Families clad in everything from jeans and T-shirts to full-length African dresses and headdresses blended their voices to recite the pledge.
The gathering of African Americans vowed allegiance to one another, their health and positive principles. The Black Agenda Alliance, founded this summer, held its first official People’s Kwanzaa Celebration on Saturday evening at the Malcolm X Memorial Foundation in northeast Omaha.
Kwanzaa is a cultural celebration that helps African Americans tie themselves to roots in Africa, Black Agenda Alliance co-founder Qasim Asad said.
Initially created in 1966, the holiday serves to celebrate African culture and tradition through the seven principles over seven days: umoja (unity), kujichagulia (self-determination), ujima (collective work and responsibility), ujamaa (cooperative economics), nia (purpose), kuumba (creativity) and imani (faith).
Before an audience of just under 100, children lit seven red, black and green candles before running back to their families with smiles.
Between speeches about the history of Kwanzaa and the importance of its principles, community members performed poetry and shared their hopes for the black community.
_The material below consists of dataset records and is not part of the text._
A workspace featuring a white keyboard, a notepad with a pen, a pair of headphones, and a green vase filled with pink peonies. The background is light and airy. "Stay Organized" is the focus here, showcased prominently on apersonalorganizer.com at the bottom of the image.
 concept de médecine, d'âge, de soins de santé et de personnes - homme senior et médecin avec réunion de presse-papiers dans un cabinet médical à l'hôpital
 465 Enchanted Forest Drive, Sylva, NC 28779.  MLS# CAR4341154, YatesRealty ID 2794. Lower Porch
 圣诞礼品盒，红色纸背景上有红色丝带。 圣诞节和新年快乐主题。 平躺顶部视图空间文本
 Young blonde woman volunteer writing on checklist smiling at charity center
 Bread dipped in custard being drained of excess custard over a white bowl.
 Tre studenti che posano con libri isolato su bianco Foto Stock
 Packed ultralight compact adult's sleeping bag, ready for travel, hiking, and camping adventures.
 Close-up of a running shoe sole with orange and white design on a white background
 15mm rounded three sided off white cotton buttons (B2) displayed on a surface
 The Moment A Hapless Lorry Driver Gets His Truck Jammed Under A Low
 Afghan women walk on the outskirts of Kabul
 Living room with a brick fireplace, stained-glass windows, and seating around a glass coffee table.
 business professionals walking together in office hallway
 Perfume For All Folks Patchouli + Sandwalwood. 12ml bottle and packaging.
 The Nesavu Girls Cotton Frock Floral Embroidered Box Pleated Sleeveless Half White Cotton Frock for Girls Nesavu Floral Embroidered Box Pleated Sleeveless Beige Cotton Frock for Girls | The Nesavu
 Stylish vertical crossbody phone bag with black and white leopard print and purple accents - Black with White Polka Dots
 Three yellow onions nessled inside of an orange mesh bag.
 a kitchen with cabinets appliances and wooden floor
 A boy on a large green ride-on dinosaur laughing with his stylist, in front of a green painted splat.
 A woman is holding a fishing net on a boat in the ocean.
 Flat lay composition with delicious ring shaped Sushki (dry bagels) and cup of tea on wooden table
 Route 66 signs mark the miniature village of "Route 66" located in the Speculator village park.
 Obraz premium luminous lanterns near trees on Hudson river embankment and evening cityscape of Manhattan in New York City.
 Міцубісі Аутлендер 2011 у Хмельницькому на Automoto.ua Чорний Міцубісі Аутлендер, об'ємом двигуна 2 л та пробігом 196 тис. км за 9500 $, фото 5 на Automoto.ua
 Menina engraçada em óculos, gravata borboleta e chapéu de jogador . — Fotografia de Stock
When moved, listeners shouted “Asé,” which means, “And so it is.”
During breaks in presentations, local African American vendors manned tables full of their handmade wares while children played with Kwanzaa-themed balloons. At the end of the night, the group dismissed to a dinner downstairs.
Although it’s the first year the alliance is officially hosting the event, Asad and co-founder James Henley said the same group has hosted a Kwanzaa celebration two times already.
“The celebration is the same,” Asad said. “It’s just we gave it a little ‘oomph’ by creating a platform.”
That platform essentially consists of the Black Agenda Alliance’s goals to change its community for the better without grants or assistance from outside its own community, Asad said.
The alliance became an official organization this summer, but the group’s founders have been meeting and discussing ways to improve their community for much longer than that, Asad said.
Terrell McKinney, a candidate for the Nebraska Legislature, said the Black Agenda Alliance has identified issues by talking to community members.
“Our plan is to start addressing these issues, being consistent, listening to people and taking action if we want to see change in our community,” he said.
For Asad, the event is about fostering togetherness in the north Omaha community.
“You have people all the way from the street level to the political level coming together collectively to carry out this particular mission,” Asad said.
Although he only knows a few attendees personally, A.Z. Thomas said it felt like everyone was family.
Thomas used to celebrate Kwanzaa with his now-adult children and spoke of the importance of passing down that tradition to kids, the future of the community.
The alliance will hold its second People’s Kwanzaa Kids’ Paint Party on Tuesday to celebrate the principle of kuumba with canvases to paint, snacks and Kwanzaa education.
The group plans to host monthly events in the coming year, including for Black History Month in February.